Bill interacts with the media only when forced. He wears utterly unfashionable clothes. He speaks without really opening his mouth. He does little to hide his disdain for dumb people. He doesn’t work on being liked. He just focuses on what it takes for his team to win. So shouldn’t we look past ESPN, and respect him more for that?

The other problem with Belichick is a reputation for cheating. My teams have made a bit of a habit of falling foul of the law in the last ten years. In soccer I support West Ham, who have lost court cases over the Carlos Tevez illegal signing saga and just last week about Sakho playing during the African nations cup. The Patriots had spygate in 2007, and now deflate gate, about allegations that they intentionally deflated balls, still sub judice.

There are many ways to cheat in sports, and it is interesting to compare how they are judged. In my opinion, some types of cheating are much worse than others.

Perhaps worst of all are attempts to manipulate a result, like throwing a match for betting purposes. That completely undermines public trust in a sport and is tawdry. The Chicago baseball scandal of years and years ago is most famous in the US, but nowadays cricket looks very vulnerable. I am also surprised there is not more scrutiny of baseball and basketball, because both are vulnerable to spread betting.

Then there are acts of wanton violence. Surely these are worse then technical cheats, as they can end careers? Remember Nancy Kerrigan in ice-skating? But Wayne Rooney on occasion and other soccer players are arguably just as bad, even allowing for the heat of the moment. The New Orleans Saints offered a bounty to players for injuring opponents: they were penalized, but their coach stays in his job and is a media darling.

Performance enhancing substances can also ruin a sport. Cycling has lost all credibility, and I would never rehabilitate Lance Armstrong. Earlier we had Ben Johnson, and the whole shameful era in baseball. I have my doubts about how the NFL treats this subject still. With the very survival of the sport threatened by discoveries about brain damage, they should do much more than they do.

Then we get to deception of officials. Simulation in soccer is rife and I hate it – these players should suffer much more severe consequences than currently.

Next comes abuse of power. In this category I lump both the probable fraud in FIFA, the monopolistic behaviour of the Indian cricket board and the shameless bullying of people like Ferguson.

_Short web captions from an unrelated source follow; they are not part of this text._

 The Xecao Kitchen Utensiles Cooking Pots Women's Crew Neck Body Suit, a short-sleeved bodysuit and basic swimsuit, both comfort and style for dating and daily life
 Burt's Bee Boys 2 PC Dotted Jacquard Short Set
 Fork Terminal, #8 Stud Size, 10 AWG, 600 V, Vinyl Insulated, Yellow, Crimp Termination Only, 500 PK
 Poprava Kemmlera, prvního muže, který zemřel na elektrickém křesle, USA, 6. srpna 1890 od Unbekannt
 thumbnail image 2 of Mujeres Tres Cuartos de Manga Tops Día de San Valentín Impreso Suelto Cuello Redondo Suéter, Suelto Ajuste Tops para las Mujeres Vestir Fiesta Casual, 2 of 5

All of these categories do much more damage than technical cheating. Usually, technical cheating is very close to innovation: an attempt to exploit ambiguity in a rule to take the game forwards. Look at one-day cricket. Gradually, the rules have evolved, to outlaw bowling on the leg side, underarm bowling and placing all fielders on the boundary. The teams that used these tactics weren’t cheating, though they were all vilified at the team: they were simply being creative. Because they were trying to help their teams win games, and moving their sports forward at the same time, arguably they should be lauded not condemned.

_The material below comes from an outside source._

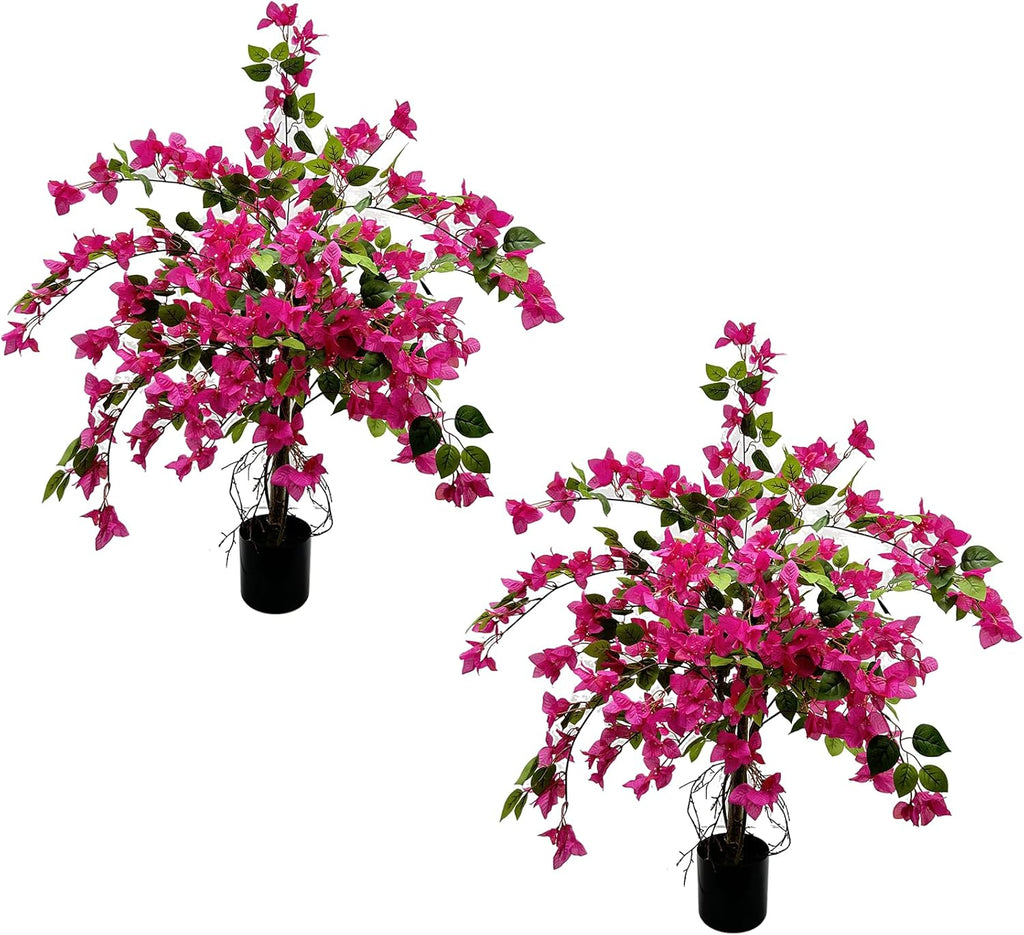 3FT Artificial Bougainvillea Tree – Realistic Faux Bougainvillea Tree with Pink Silk Flowers, Lifelike Artificial Flowering Plant in Pot for Indoor Outdoor Home, Living Room, Porch, Patio Decor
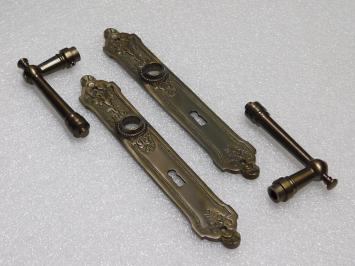 Set Deurklinken Montel + Lange Deurplaten BB 72 - Gepatineerd Messing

As far as I can read, Spygate fell into this category. Many teams tried to read opponents signals, the law was ambiguous, and Belichick did it openly. He perhaps crossed a line when he did not check back with the league after they had written a letter about the subject. But really, was his behaviour as bad as that in the other categories? The sport was hardly tainted, and no-one could be injured.

If Deflategate proves intent to deceive, I may change my mind about the Patriots, but I am optimistic. Even if they are found guilty, I’ll have a good look at the evidence: the league certainly likes to get its own back on Belichick for his arrogance and curmudgenliness from time to time.

They should not be so dumb. Belichick does more to further the sport than anyone else. Media darlings are two a penny, real quality and innovation are much harder to come by. Don Shula and others should know better and shut their mouths.


Meanwhile, I’ll stay in a good mood as long as I can. Go Patriots! Go Hammers – even they are having an unusually good season. Now all I have to do is learn to party like Gronkowski.